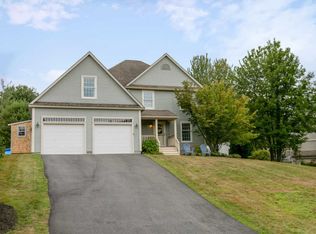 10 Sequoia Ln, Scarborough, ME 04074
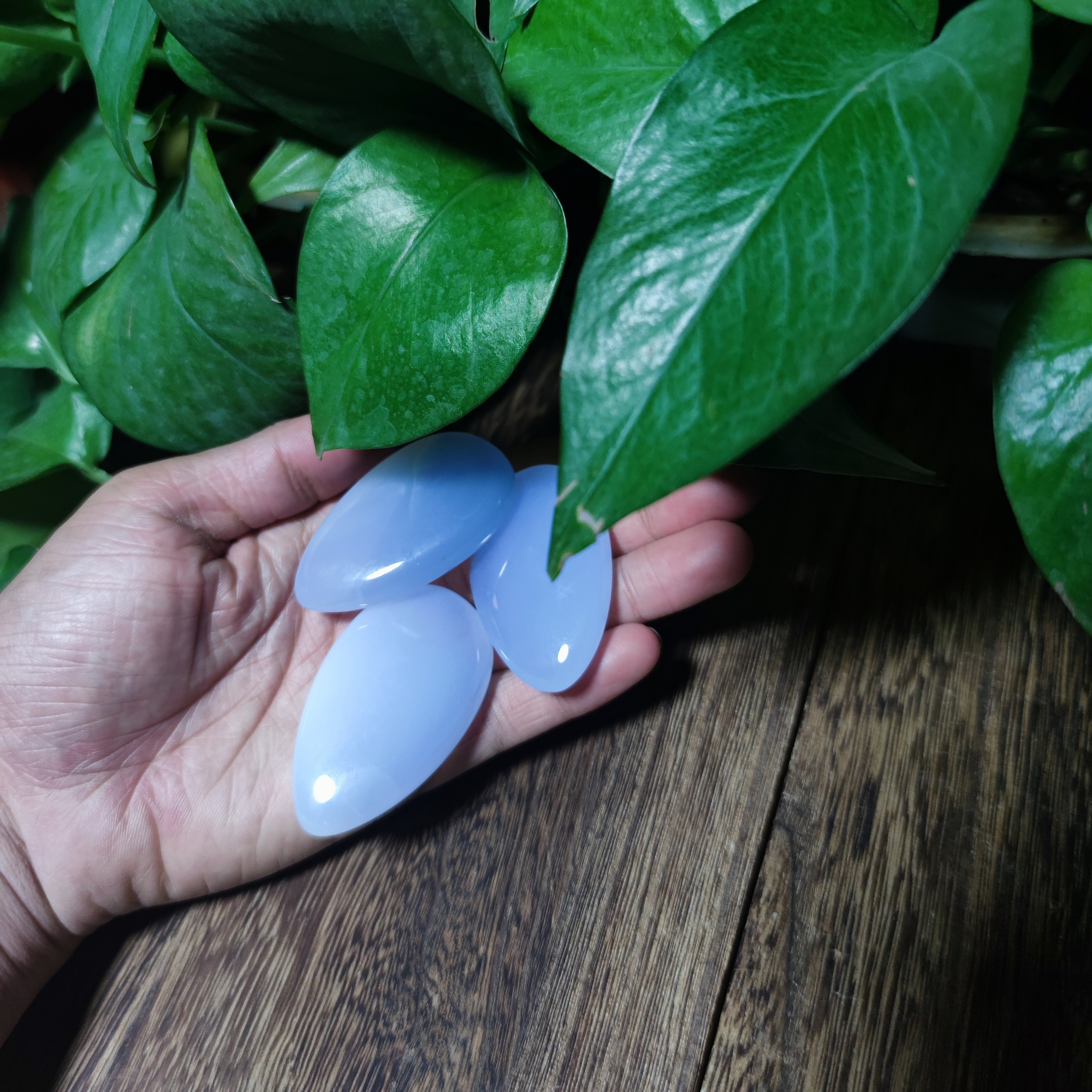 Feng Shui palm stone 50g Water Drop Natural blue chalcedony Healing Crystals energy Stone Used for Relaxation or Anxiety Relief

::::::::

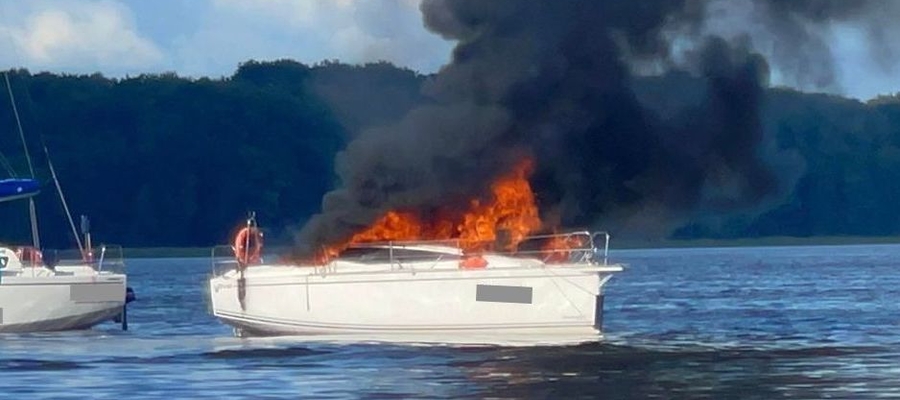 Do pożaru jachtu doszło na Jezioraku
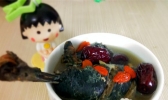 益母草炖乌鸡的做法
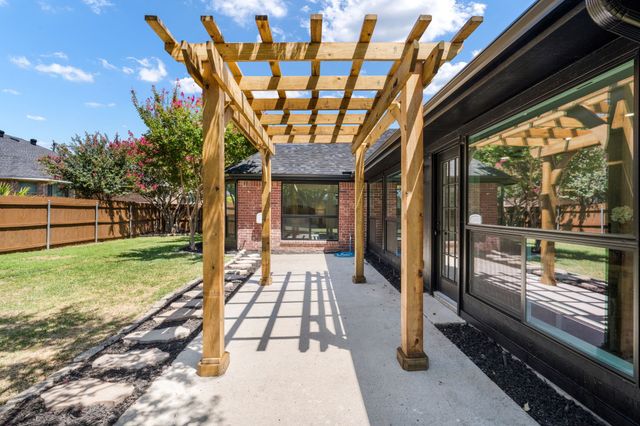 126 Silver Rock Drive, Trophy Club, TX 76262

::::::::

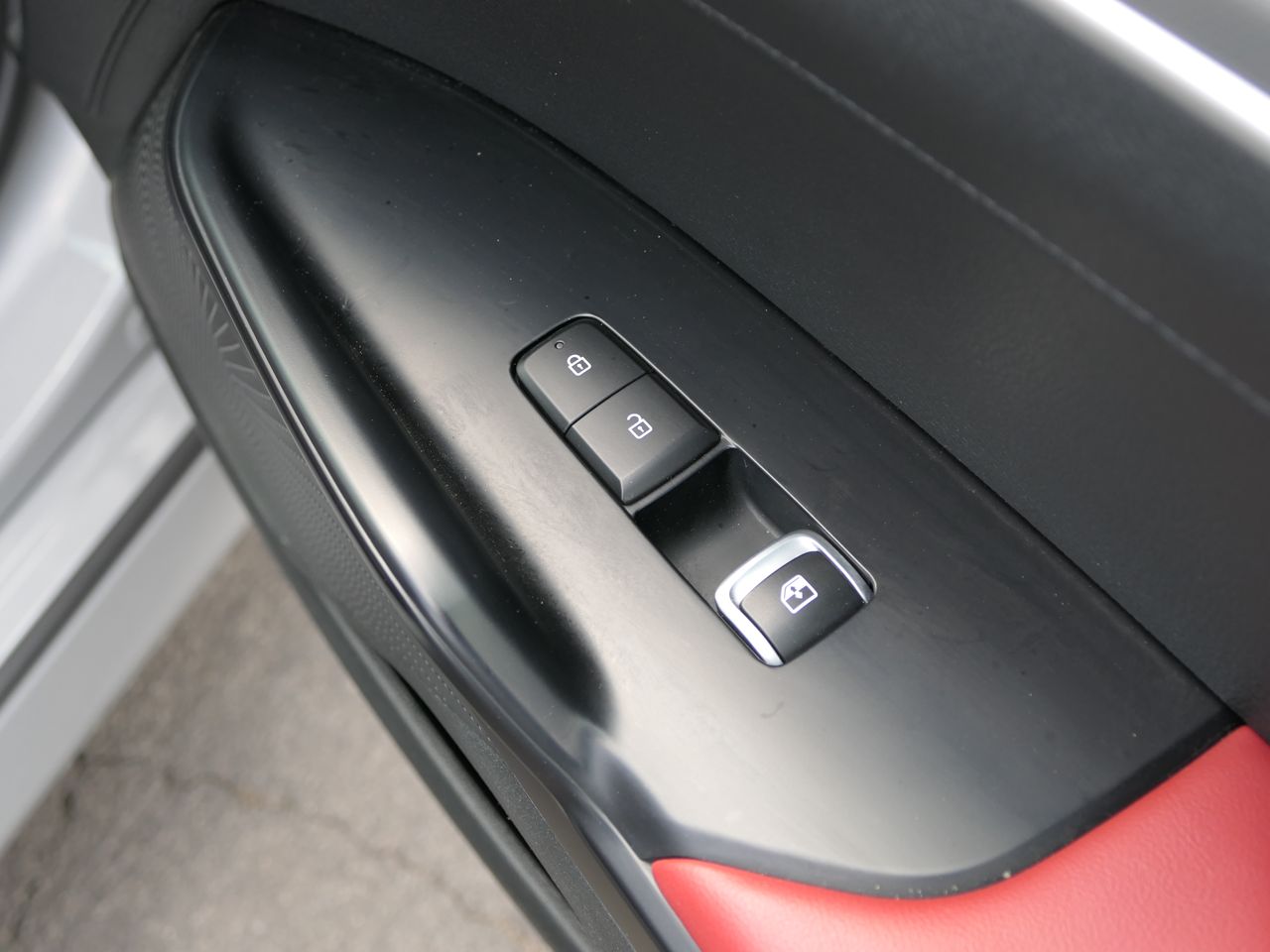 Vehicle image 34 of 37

::::::::

▶ _Instructions for the task_: Look above for the line with "10 Sequoia Ln, Scarborough, ME 04074" and the line with "Feng Shui palm". Give again exactly those two lines and all lines between them, pictures excluded.

▶ _Answer to this exercise_:
 10 Sequoia Ln, Scarborough, ME 04074
 Feng Shui palm stone 50g Water Drop Natural blue chalcedony Healing Crystals energy Stone Used for Relaxation or Anxiety Relief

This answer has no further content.